▶ [Extracted information]
----------
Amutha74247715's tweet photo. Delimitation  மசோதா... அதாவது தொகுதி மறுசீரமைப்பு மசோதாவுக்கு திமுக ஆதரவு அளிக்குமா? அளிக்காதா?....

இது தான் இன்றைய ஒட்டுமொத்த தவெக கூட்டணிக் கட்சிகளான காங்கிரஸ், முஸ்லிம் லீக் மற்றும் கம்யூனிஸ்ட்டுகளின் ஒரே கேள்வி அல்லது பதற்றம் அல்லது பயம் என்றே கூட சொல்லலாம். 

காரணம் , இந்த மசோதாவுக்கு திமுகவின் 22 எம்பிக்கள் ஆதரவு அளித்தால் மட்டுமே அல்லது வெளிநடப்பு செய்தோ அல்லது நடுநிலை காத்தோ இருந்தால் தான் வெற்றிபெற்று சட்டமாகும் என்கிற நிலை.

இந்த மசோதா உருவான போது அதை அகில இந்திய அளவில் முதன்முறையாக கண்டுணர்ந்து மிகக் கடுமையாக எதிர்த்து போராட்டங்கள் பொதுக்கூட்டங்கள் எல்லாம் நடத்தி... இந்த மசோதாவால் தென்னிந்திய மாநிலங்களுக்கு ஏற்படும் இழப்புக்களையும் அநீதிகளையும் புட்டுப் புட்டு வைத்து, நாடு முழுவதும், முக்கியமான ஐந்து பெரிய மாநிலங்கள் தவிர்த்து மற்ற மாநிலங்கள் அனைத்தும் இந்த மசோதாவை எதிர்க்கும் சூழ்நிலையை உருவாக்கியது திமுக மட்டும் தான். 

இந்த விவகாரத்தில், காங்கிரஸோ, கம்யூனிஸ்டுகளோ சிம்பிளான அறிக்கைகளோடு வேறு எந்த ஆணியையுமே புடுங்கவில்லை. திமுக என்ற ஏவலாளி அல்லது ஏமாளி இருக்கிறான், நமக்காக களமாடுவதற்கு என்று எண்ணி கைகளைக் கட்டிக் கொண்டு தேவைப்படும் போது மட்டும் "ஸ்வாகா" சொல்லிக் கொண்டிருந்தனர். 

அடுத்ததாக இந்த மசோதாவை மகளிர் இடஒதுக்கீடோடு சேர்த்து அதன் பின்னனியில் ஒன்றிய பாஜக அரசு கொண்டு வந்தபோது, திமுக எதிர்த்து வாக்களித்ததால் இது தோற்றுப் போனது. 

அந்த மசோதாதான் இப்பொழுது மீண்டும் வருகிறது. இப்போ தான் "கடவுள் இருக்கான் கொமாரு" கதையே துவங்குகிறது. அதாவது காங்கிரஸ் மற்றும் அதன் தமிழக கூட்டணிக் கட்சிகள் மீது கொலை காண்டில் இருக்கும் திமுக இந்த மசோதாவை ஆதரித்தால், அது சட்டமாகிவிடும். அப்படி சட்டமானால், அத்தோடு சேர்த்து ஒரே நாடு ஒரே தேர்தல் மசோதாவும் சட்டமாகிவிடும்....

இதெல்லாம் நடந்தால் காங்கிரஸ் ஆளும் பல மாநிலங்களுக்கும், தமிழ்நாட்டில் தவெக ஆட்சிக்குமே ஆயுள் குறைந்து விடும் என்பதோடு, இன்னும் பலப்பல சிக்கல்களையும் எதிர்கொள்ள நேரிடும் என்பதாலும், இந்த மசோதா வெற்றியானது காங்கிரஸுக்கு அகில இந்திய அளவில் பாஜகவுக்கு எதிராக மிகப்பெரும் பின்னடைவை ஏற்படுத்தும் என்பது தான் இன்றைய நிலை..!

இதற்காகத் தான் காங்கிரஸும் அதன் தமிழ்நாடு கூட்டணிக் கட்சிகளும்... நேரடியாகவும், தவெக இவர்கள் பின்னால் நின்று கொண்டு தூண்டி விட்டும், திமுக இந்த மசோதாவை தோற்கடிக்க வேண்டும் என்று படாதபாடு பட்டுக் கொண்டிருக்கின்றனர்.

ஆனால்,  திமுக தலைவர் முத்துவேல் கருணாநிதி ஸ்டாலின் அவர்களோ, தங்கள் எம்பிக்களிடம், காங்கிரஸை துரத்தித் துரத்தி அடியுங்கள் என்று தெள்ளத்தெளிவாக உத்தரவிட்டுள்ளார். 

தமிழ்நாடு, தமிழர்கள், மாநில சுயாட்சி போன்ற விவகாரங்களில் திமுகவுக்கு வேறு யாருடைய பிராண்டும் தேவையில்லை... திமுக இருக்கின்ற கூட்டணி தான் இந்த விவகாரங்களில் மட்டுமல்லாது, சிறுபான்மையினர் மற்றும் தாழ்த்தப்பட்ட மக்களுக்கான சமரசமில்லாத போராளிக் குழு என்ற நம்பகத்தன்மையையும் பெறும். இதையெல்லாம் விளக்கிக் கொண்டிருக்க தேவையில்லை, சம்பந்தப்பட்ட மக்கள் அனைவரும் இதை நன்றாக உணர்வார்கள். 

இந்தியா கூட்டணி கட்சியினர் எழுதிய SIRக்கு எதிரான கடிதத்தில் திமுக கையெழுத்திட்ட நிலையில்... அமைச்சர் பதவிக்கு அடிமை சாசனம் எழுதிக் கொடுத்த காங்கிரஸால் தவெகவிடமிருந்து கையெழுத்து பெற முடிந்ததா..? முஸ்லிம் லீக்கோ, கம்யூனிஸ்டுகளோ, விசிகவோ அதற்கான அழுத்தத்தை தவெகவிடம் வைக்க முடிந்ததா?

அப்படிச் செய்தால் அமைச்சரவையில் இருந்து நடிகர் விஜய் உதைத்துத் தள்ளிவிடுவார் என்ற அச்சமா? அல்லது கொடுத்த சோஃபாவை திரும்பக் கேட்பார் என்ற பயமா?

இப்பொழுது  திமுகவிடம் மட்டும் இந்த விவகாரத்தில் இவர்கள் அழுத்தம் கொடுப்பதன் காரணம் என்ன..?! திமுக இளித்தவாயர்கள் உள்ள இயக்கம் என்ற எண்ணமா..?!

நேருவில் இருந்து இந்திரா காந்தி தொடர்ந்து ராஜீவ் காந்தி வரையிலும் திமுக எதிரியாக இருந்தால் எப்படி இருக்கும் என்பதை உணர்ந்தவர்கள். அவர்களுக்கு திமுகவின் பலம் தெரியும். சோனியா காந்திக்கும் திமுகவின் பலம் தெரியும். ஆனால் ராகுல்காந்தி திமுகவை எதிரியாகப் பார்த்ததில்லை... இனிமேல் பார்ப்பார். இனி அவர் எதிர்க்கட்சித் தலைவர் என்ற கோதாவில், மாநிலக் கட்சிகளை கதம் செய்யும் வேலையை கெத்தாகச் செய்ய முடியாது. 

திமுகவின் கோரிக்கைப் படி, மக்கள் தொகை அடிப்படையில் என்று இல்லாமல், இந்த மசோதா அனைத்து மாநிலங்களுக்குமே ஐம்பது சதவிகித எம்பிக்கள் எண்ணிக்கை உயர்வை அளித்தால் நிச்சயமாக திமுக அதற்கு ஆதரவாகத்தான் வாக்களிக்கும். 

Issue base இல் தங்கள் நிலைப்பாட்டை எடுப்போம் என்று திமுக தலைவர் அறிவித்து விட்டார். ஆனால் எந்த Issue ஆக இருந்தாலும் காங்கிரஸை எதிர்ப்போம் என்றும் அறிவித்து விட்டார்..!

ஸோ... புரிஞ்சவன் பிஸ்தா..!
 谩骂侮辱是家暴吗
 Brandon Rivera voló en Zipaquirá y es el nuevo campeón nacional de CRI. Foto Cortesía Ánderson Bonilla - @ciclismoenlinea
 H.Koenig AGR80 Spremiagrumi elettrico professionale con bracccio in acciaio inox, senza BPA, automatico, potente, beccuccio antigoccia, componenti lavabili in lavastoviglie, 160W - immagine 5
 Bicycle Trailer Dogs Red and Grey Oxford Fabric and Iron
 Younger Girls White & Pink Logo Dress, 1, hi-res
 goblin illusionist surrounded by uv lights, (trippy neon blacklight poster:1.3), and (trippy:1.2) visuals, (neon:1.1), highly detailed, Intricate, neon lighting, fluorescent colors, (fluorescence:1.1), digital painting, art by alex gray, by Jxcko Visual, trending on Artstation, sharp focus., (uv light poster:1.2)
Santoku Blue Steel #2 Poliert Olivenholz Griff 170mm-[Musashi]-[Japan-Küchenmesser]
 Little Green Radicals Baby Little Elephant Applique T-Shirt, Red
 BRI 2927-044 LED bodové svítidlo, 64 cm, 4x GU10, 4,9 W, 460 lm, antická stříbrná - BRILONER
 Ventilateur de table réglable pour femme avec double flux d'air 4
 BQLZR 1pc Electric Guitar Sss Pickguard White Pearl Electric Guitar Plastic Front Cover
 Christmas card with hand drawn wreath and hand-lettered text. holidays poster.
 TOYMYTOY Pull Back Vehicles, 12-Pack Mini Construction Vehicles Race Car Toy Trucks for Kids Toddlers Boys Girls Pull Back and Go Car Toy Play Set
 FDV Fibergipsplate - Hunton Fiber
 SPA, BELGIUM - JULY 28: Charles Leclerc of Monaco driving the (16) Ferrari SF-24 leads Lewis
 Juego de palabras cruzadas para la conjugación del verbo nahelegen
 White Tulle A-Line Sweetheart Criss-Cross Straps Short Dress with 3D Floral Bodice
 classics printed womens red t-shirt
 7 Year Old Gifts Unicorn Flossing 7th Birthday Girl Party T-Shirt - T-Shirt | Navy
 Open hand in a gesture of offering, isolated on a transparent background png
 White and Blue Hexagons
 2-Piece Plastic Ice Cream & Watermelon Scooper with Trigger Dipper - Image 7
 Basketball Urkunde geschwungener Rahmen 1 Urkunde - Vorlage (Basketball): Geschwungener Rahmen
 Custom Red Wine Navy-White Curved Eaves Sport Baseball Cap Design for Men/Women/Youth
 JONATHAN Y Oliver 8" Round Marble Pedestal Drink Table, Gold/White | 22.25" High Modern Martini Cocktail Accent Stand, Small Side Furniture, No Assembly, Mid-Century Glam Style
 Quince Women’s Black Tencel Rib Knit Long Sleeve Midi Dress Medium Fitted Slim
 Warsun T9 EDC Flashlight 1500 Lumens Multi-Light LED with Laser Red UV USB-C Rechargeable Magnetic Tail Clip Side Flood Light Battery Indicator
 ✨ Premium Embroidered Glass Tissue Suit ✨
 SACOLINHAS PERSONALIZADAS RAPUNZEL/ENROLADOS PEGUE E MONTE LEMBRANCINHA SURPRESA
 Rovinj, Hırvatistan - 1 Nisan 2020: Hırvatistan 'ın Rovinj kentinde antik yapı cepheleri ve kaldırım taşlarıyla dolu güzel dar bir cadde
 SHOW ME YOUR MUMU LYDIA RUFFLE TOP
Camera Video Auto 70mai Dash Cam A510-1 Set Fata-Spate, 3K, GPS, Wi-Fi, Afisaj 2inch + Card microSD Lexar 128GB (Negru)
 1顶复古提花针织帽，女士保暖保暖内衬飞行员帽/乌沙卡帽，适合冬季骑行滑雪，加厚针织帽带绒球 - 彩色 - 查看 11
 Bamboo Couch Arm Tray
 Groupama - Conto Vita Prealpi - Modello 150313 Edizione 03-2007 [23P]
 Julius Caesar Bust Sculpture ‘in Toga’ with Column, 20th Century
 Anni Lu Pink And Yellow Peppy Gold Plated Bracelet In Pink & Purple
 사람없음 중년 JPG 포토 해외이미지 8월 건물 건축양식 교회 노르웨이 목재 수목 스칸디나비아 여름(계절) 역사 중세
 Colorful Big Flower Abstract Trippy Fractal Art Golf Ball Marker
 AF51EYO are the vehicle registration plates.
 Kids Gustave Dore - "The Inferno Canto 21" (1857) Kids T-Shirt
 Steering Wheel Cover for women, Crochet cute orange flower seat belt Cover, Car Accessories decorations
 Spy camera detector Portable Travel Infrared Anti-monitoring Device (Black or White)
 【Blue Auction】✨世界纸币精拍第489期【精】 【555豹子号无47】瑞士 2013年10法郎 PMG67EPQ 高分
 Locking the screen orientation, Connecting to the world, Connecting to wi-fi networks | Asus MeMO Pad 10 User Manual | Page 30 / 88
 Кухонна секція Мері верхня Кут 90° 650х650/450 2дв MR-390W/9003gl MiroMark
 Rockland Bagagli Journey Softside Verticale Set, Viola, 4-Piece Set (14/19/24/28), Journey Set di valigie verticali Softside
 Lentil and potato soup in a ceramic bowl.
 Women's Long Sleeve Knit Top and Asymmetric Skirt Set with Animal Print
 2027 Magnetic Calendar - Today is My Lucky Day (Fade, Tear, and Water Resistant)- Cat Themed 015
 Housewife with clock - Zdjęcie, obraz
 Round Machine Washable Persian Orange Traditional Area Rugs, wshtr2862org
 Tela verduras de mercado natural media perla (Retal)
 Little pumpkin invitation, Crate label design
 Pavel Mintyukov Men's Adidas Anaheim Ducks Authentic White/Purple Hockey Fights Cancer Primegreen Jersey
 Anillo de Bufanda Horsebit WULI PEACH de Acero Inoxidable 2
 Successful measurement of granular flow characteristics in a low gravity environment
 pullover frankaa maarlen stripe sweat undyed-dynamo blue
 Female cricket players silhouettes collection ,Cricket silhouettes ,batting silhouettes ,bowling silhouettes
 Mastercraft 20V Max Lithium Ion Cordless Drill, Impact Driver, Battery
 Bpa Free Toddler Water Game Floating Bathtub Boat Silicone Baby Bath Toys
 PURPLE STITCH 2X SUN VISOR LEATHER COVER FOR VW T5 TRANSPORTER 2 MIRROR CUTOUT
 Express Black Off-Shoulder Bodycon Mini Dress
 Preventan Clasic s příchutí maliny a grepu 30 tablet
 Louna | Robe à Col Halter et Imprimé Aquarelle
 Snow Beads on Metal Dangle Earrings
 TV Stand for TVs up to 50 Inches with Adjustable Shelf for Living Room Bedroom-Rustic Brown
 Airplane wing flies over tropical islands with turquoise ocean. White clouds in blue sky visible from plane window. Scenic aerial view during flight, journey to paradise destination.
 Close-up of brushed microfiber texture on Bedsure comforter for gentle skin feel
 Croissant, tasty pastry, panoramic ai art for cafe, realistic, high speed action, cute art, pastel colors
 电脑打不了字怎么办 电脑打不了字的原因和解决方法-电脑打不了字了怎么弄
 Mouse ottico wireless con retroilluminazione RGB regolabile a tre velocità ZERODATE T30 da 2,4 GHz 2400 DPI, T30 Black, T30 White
----------
Within the data above, the span starting at the line containing "இதற்காகத் தான் காங்கிரஸும்" and ending at the line containing "இயக்கம் என்ற எண்ணமா..?!" is to be retyped exactly, with no other lines.

இதற்காகத் தான் காங்கிரஸும் அதன் தமிழ்நாடு கூட்டணிக் கட்சிகளும்... நேரடியாகவும், தவெக இவர்கள் பின்னால் நின்று கொண்டு தூண்டி விட்டும், திமுக இந்த மசோதாவை தோற்கடிக்க வேண்டும் என்று படாதபாடு பட்டுக் கொண்டிருக்கின்றனர்.

ஆனால்,  திமுக தலைவர் முத்துவேல் கருணாநிதி ஸ்டாலின் அவர்களோ, தங்கள் எம்பிக்களிடம், காங்கிரஸை துரத்தித் துரத்தி அடியுங்கள் என்று தெள்ளத்தெளிவாக உத்தரவிட்டுள்ளார். 

தமிழ்நாடு, தமிழர்கள், மாநில சுயாட்சி போன்ற விவகாரங்களில் திமுகவுக்கு வேறு யாருடைய பிராண்டும் தேவையில்லை... திமுக இருக்கின்ற கூட்டணி தான் இந்த விவகாரங்களில் மட்டுமல்லாது, சிறுபான்மையினர் மற்றும் தாழ்த்தப்பட்ட மக்களுக்கான சமரசமில்லாத போராளிக் குழு என்ற நம்பகத்தன்மையையும் பெறும். இதையெல்லாம் விளக்கிக் கொண்டிருக்க தேவையில்லை, சம்பந்தப்பட்ட மக்கள் அனைவரும் இதை நன்றாக உணர்வார்கள். 

இந்தியா கூட்டணி கட்சியினர் எழுதிய SIRக்கு எதிரான கடிதத்தில் திமுக கையெழுத்திட்ட நிலையில்... அமைச்சர் பதவிக்கு அடிமை சாசனம் எழுதிக் கொடுத்த காங்கிரஸால் தவெகவிடமிருந்து கையெழுத்து பெற முடிந்ததா..? முஸ்லிம் லீக்கோ, கம்யூனிஸ்டுகளோ, விசிகவோ அதற்கான அழுத்தத்தை தவெகவிடம் வைக்க முடிந்ததா?

அப்படிச் செய்தால் அமைச்சரவையில் இருந்து நடிகர் விஜய் உதைத்துத் தள்ளிவிடுவார் என்ற அச்சமா? அல்லது கொடுத்த சோஃபாவை திரும்பக் கேட்பார் என்ற பயமா?

இப்பொழுது  திமுகவிடம் மட்டும் இந்த விவகாரத்தில் இவர்கள் அழுத்தம் கொடுப்பதன் காரணம் என்ன..?! திமுக இளித்தவாயர்கள் உள்ள இயக்கம் என்ற எண்ணமா..?!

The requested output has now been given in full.